Özgür-Der İzmir Şubesi'nde bu hafta "Hadiste Va'z Hareketleri" konuşuldu. Konunun sunumunu Ali Soylu gerçekleştirdi.
"Din, Allah, peygamber algımız genel anlamda mevzuata dayanıyor. Diğer yandan bkınca da mizah kitabı yerine mevzuat okuyalım diyebiliyor insan. Çünkü kimi örnekler gerçekten çok komik" diyen Ali Soylu, "Uydurma hadis, Hz. Peygamber'in söylemediği, yapmadığı, karar kılmadığıbir şeyin ona nispet edilmesidir. Bunlara hadis demek bile Hz. Peygamber'e saygısızlıktır" diye konuştu.
Soylu, özetle şunları anlattı:
Hadis uydurulurken iki seçenek izlenmiş:
- Kişi Kendisinin uydurduğunu Hz. Muhammed'e nispet ediyor.
- Ortada dolaşan bilinen sözleri (alimlerin sözü, ata sözü vs.) Hz. Muhammed'e nispet ediyor.
Hz. Peygamber dönemi için de uyduruldu – uydurulmadı tartışması var. 40 – 41 yılında Hz. Osman'ın vefatıyla başladı hadis uydurma şeklinde bir görüş var. Bu konuda da ihtilaf var. Zaten hangi konuda anlaşabiliyorsak?! Genelde ihtilaflar üzerinde anlaşırız!
En büyük neden siyasî çıkarlar. Ayrıca herkesin algısı farklı, herkes beşer. Irak fethedilip merkez Kufe'ye taşınınca da yoğun bir uydurma faaliyeti görüyoruz.
Hadis uyduranlar ve yazılmasında rol oynayanlar:
- Zındıklar
- Hikayeci vaizler
Burda belki de en önemlisi küçük amellere büyük sevaplar veren hadisler
- Namazlarla ilgili uydurmalar
Başlarda senetlere önem verilmiş, ama sonradan önemini yitirmiş, çünkü senet ezberleyip uydurduğu hadisin başına koyanlar var.

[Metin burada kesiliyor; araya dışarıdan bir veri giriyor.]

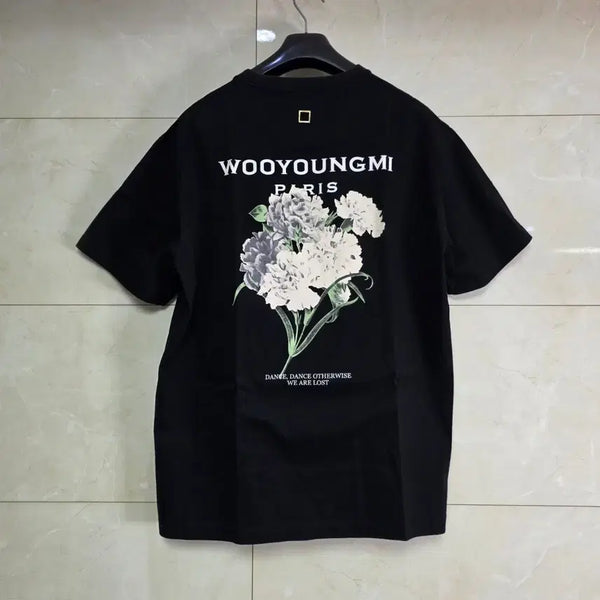 [BUNJANG] WOOYOUNGMI Flower Back Logo Short Sleeve T-Shirt (Size 48) / {클로젯}[48]우영미 플라워 백로고 반팔티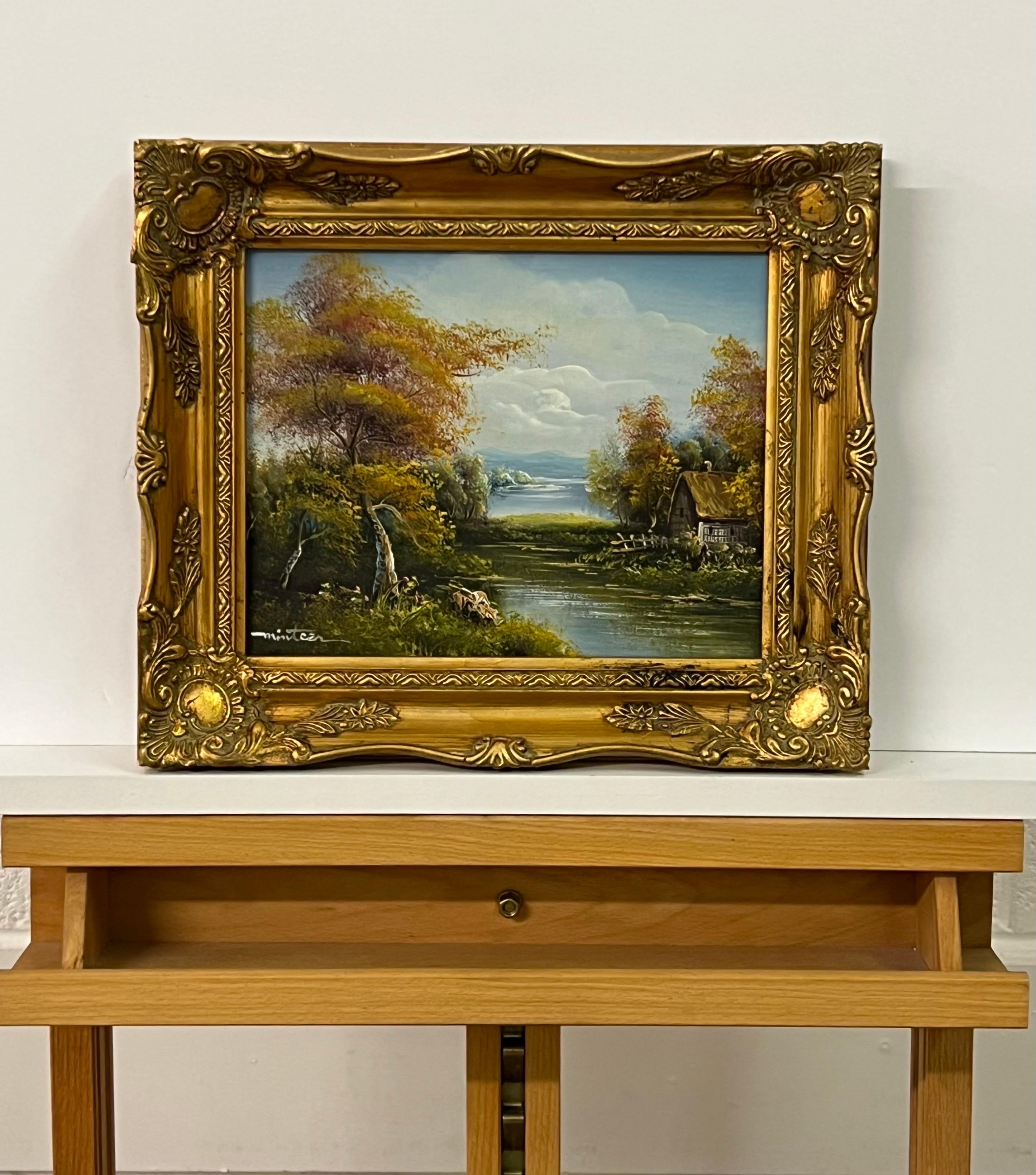 Pittura a olio d'epoca con paesaggio della foresta fluviale e cottage nella campagna inglese - Painting Realismo di Minteer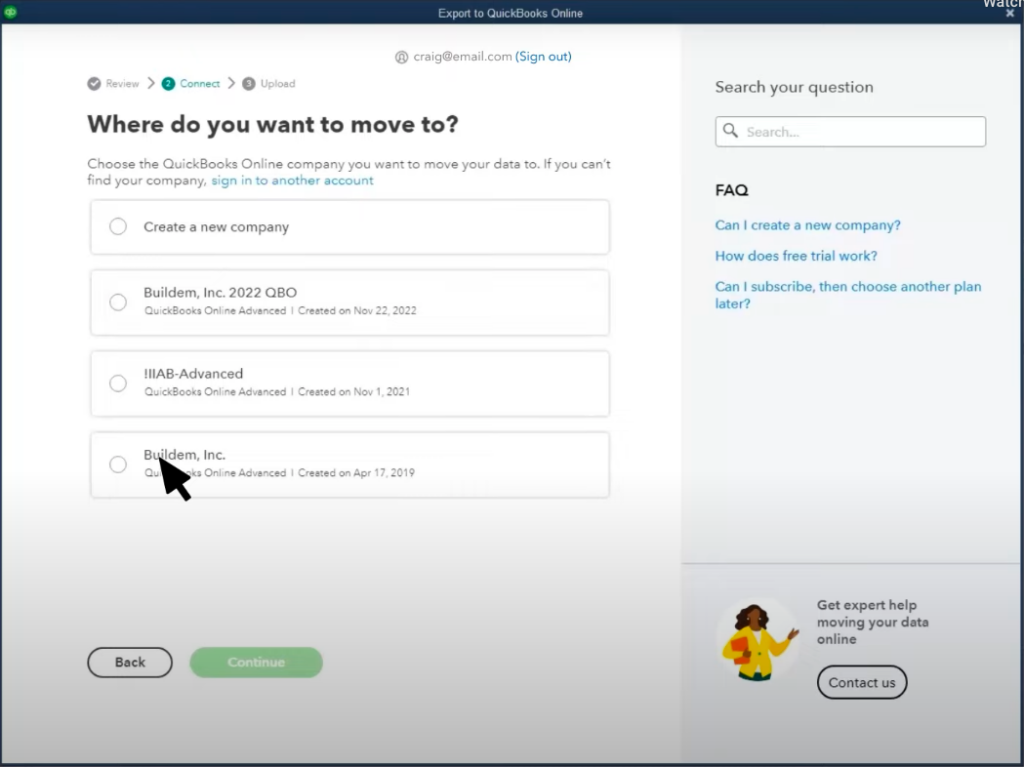  Screen in QuickBooks Online where you can select the company to move your QuickBooks Desktop file to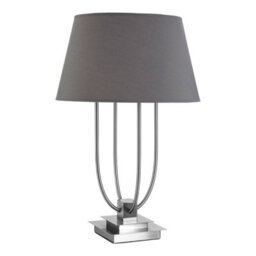Orsina Grey Shade Table Lamp With Four Curved Arms, Desk Lamp With Square Base, Nickel Finish Lighting Accent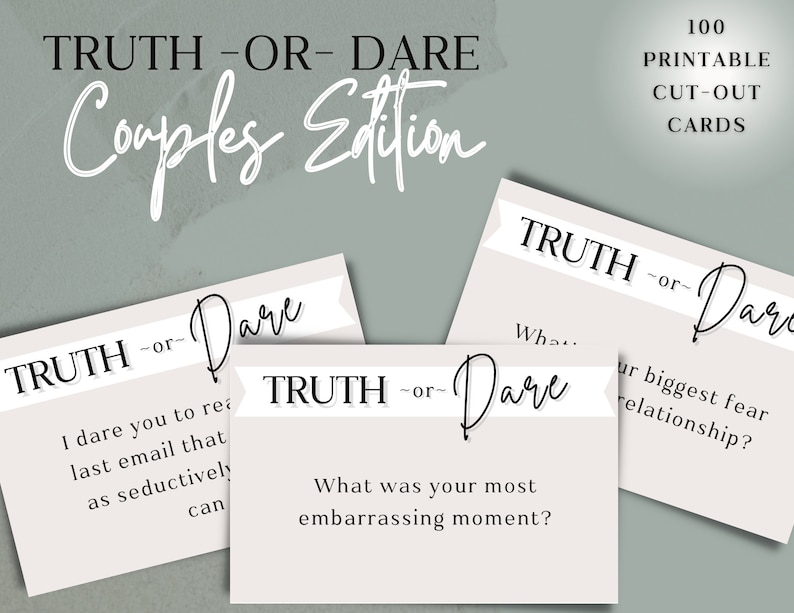Truth or Dare Couples Edition Printable Card Game - Etsy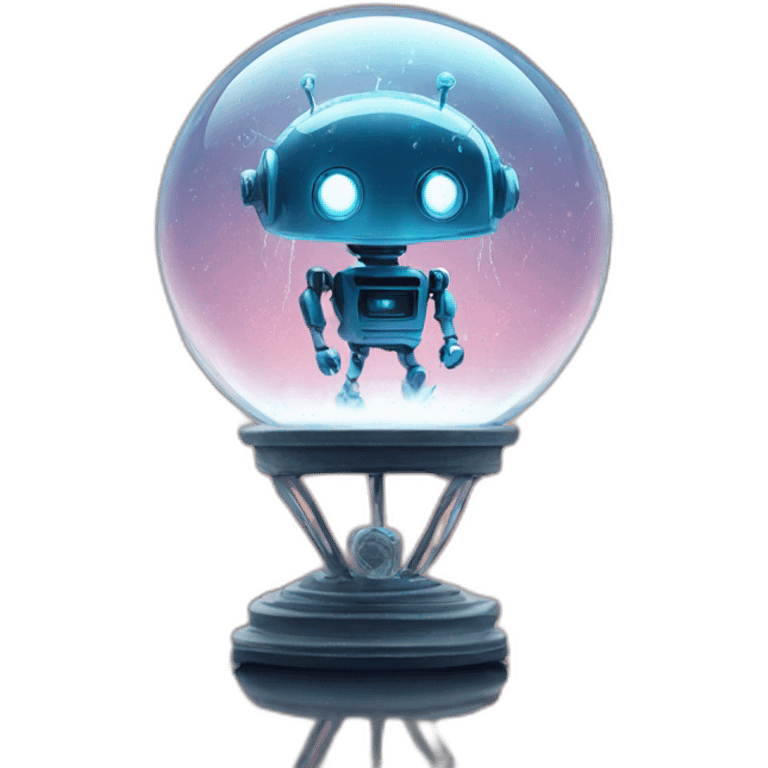 thunderstorm and robot in a glass globe emoji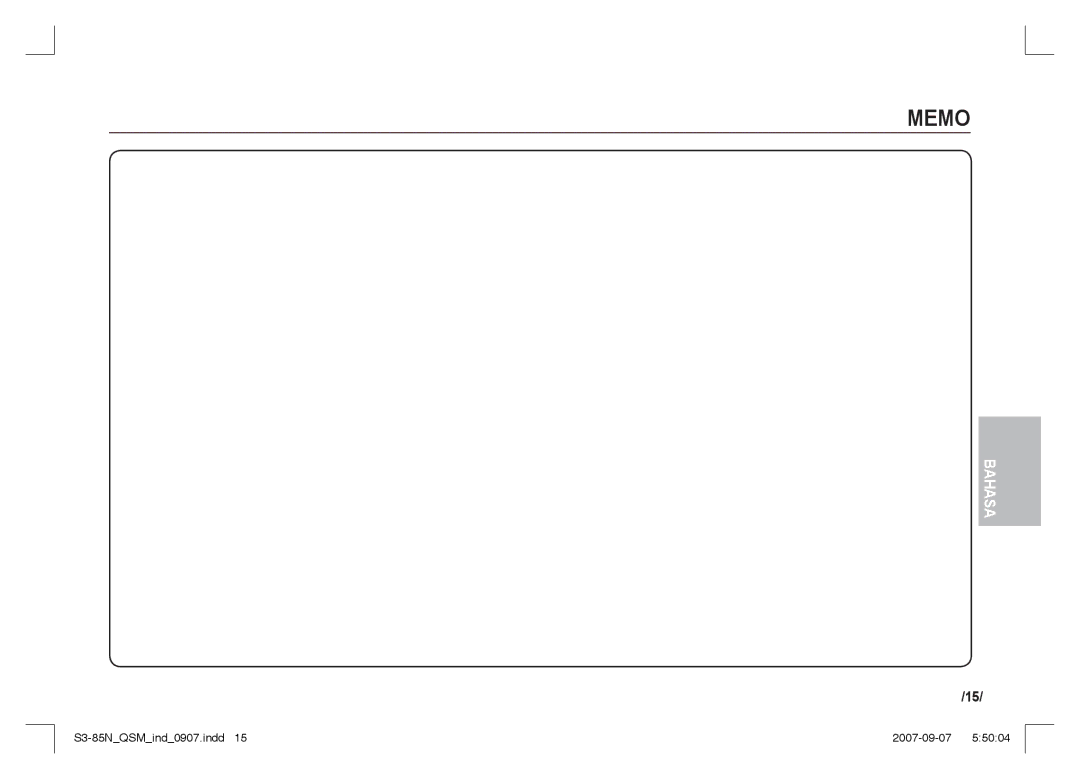 Samsung EC-S85ZZBAA, EC-S85ZZPAA, EC-S85ZZSAA manual Memo 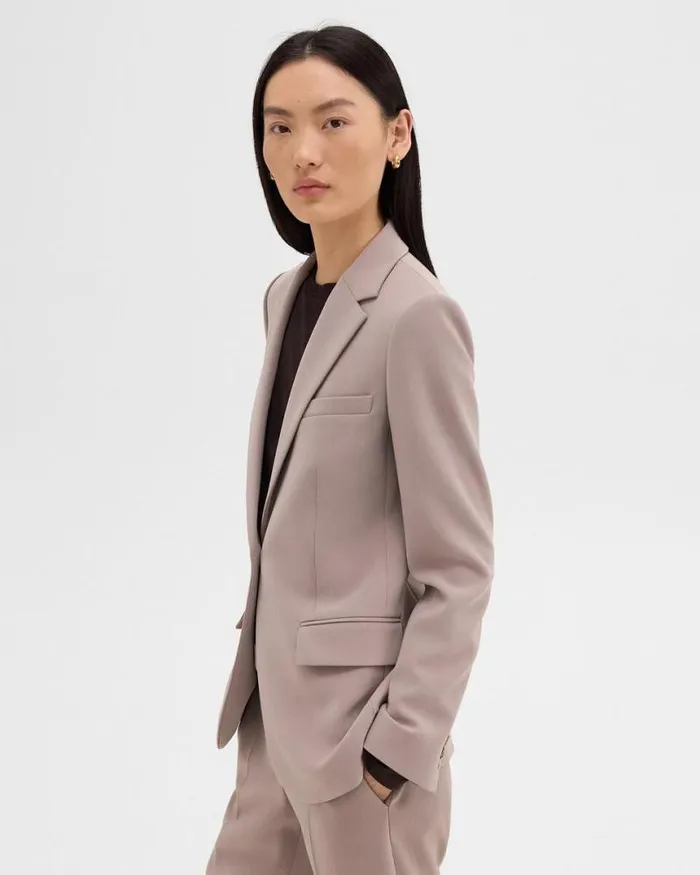 Suits Women Theory Staple Blazer In Admiral Crepe Cinder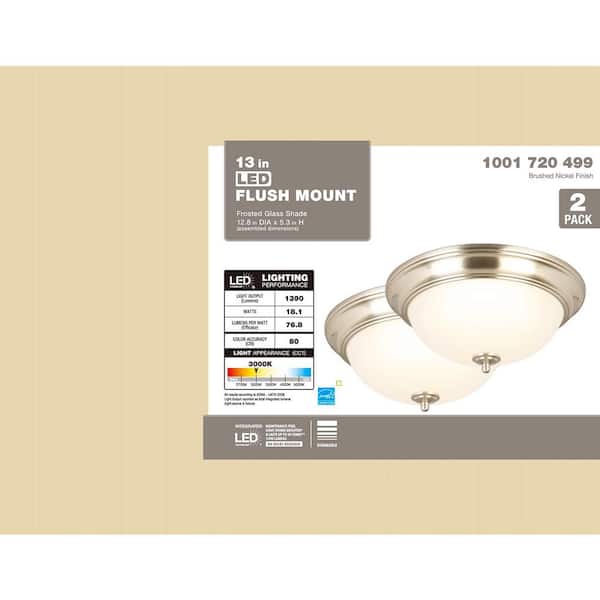 13 in. Brushed Nickel LED Flush Mount (2-Pack)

- Salih, zahid, mutasavvıfların uydurmaları
- Şuubiyye
- Kişisel menfaat
- Ticarî hayat
Kur'an'ı elleyemeyenler, Peygamber'in ağzından uydurmuşlar da uydurmuşlar. Hadis rivayeti uydurma mı değil mi, tam olarak anlayabilmek uzmanlık isteyen bir durum; ama Kur'an süzgecinden geçirip İslam'a uygunluğunu test edebiliriz.